Ancak, aynı gün ve aynı saatlerde bir başka yangın, Ovacık tarafında illegal çöp depolama sahasında çıkmış, şiddetli rüzgar etkisi ile yayılarak çevresindeki ormanlık alana sıçramış ve çok zor söndürülebilmişti. Bu ikinci yangın hakkında hiç kimseye hiçbir cezai işlem uygulanmamıştı. Açıkçası, bahsettiğimiz illegal depolama sahası, derneğimizin kuruluş amaçları ve mesaileri başında yer alır. 

Derneğimiz kurulduğu 2015 Ocak ayından bu yana illegal çöp döküm alanı hakkında sayısız başvuruda bulunmuş, sayısız dilekçe vermiştir. Madem ki yeni başkan katılımcı demokrasi, şehrin el birliği ile yönetimi, bilmediği veya yanlış bildiği konularda kendisinin uyarılması, yanlışların beraber düzeltilmesi şeklinde çağrıda bulunmakta, biz de bu çağrıya çöp başlığı ile giriş yapmalıyız. Elbette ki anayasamızda da yer alan çevre ilkesi olan, sağlıklı dengeli ve sürdürülebilir çevre olgusu ile kurulan Kent Konseyinin birincil görevi de bu olmalıdır. 

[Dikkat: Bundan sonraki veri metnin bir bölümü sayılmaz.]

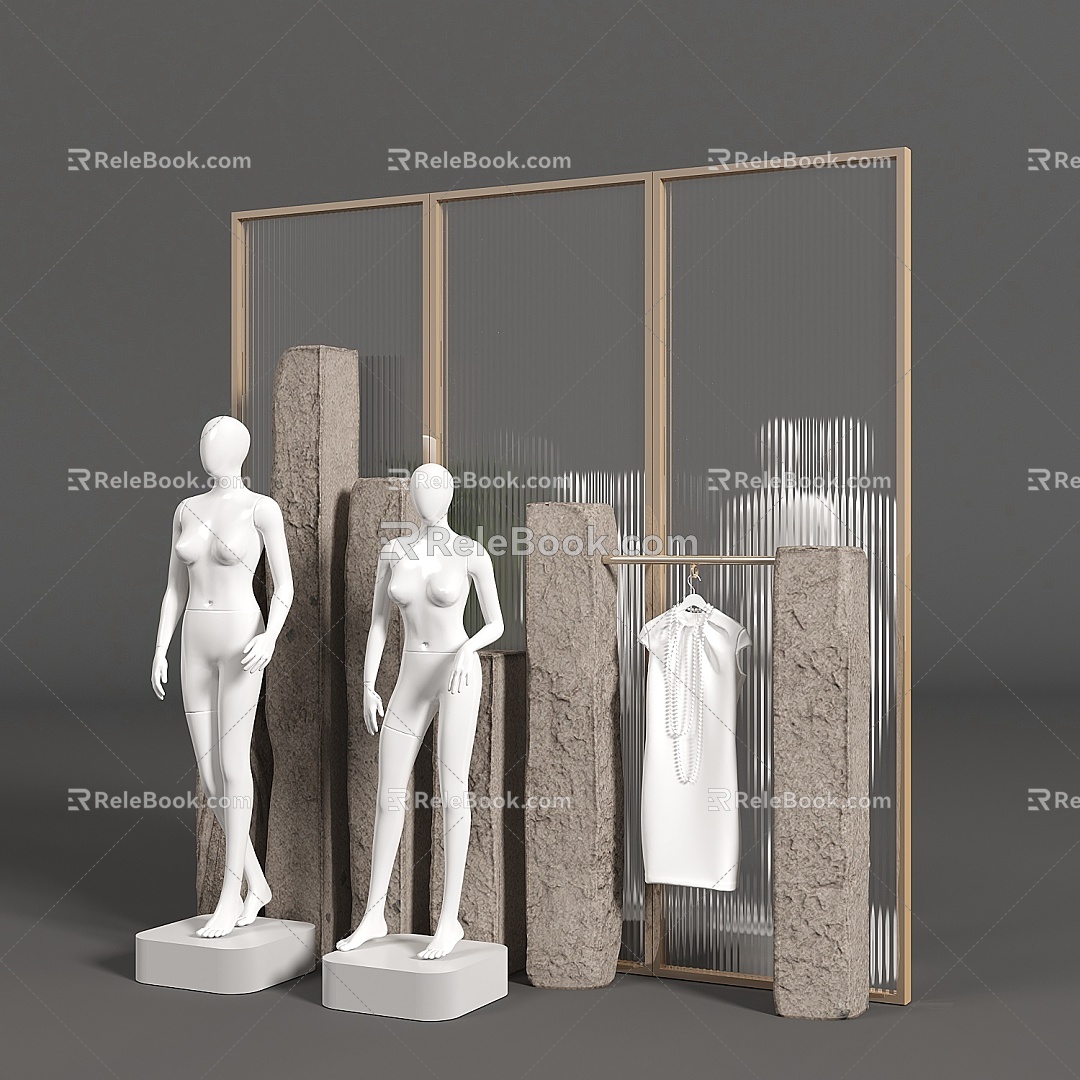 Modern Exhibition Exhibition Hall Museum Industrial Textile Fabric Exhibition Yarn Yarn Exhibition Window Props Storage Rack Display Shelf 3d model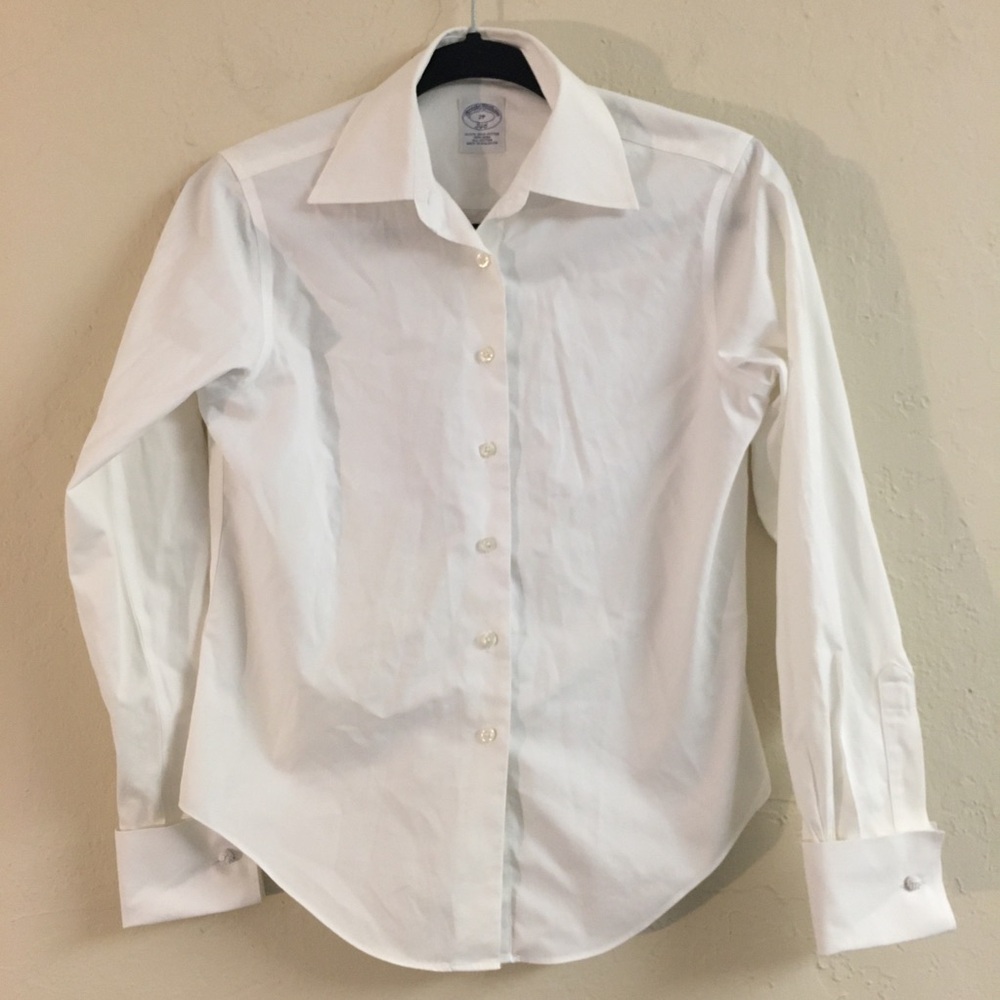 Brooks Brothers 100% Cotton Fitted Non-iron Button Down Blouse 2 White Office - Picture 9 of 9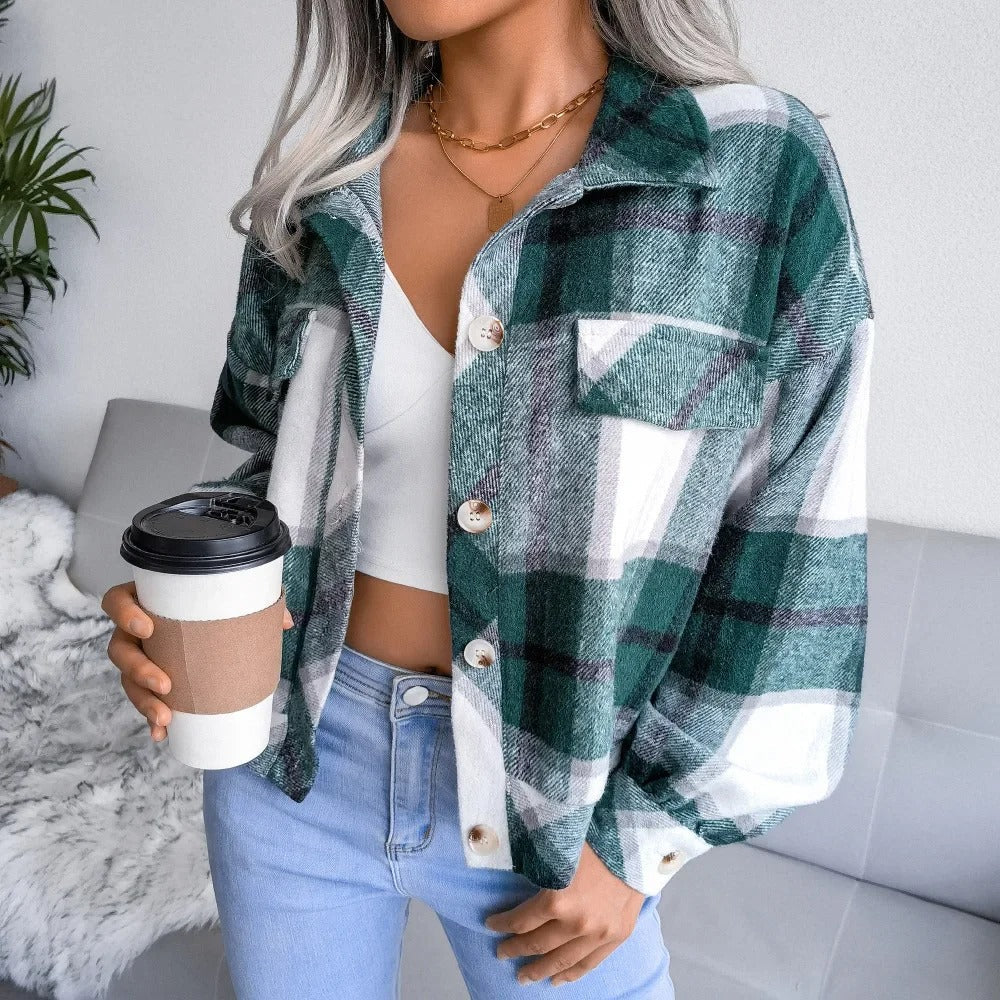 EB | Damen Sommerjacke mit Kariertem Muster, Schick und Bequem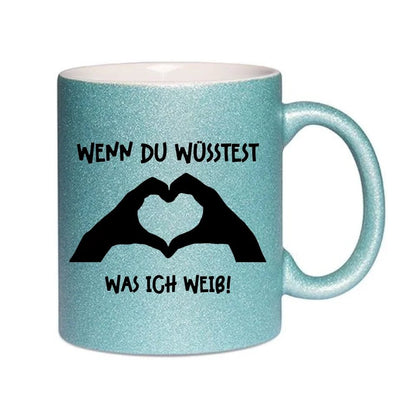 Keine Frage, ich liebe Dich auch! • Hände • personalisierter Text • Glitzertasse ohne Farbverlauf von HalloGeschenk.de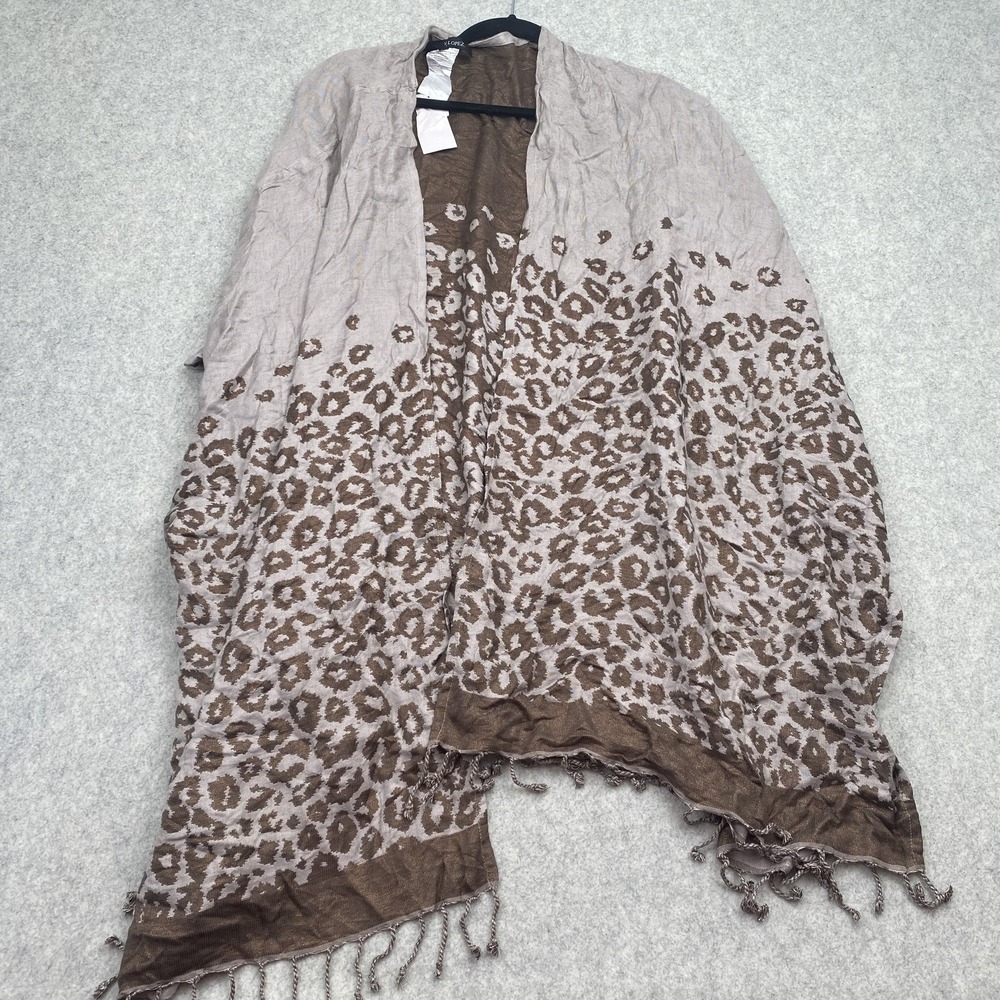 Colleen Lopez Poncho Womens 2X/3X Brown Leopard Animal Print Fringe Wrap Shawl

2015 yılından 2024 yılına kadar derneğimiz, illegal çöp alanı hakkında sayısız başvuru yapmış, dilekçeler yazmış, 4 kez de Savcılığa Suç Duyurusunda bulunmuştur. İlk refleks, önceki İzmir Valilerimizden Mustafa Toprak’tan gelmiş, alan temizletilip, atık depolama için yasaklanmış, ilgili kurumlara idari cezai yaptırımlar uygulanmıştı. Ardından, alana depolama devam edince, ikinci kez, yine eski İzmir Valisi Sayın Erol Ayyıldız tarafından alana müdahale edilmiş, alan temizlenmiş, tekrar idari işlemler uygulanmıştı. Ancak alana döküm devam etmişti. 

İllegal ne demek? Yasal bir döküm alanı değil, demek. Bir yerin yasal bir döküm sahası olabilmesi için, çok sayıda izine, kanuna, Çevresel Etki Değerlendirme raporuna ihtiyacı vardır. Alelade hiçbir alana döküm veya depolama yapamazsınız. İlkel depolama, her tür malzemenin aynı yere gelişigüzel atılmasıdır ki, bu da ayrıca yasaklanmıştır ve suçtur. Diğer yandan yakarak çöp imha etmek de başlı başına başka bir suç ve çevre katliamıdır. Ancak bu işlemler aynı sahada yaklaşık 30 yıldır devam etmektedir. Sigarasını fırlatıp yangın çıkaran bir vatandaş eyleminden ceza alırken, bunu yapan bir kamu kurumuysa, ne hikmetse hiçbir şekilde eyleminden vaz geçirilememektedir.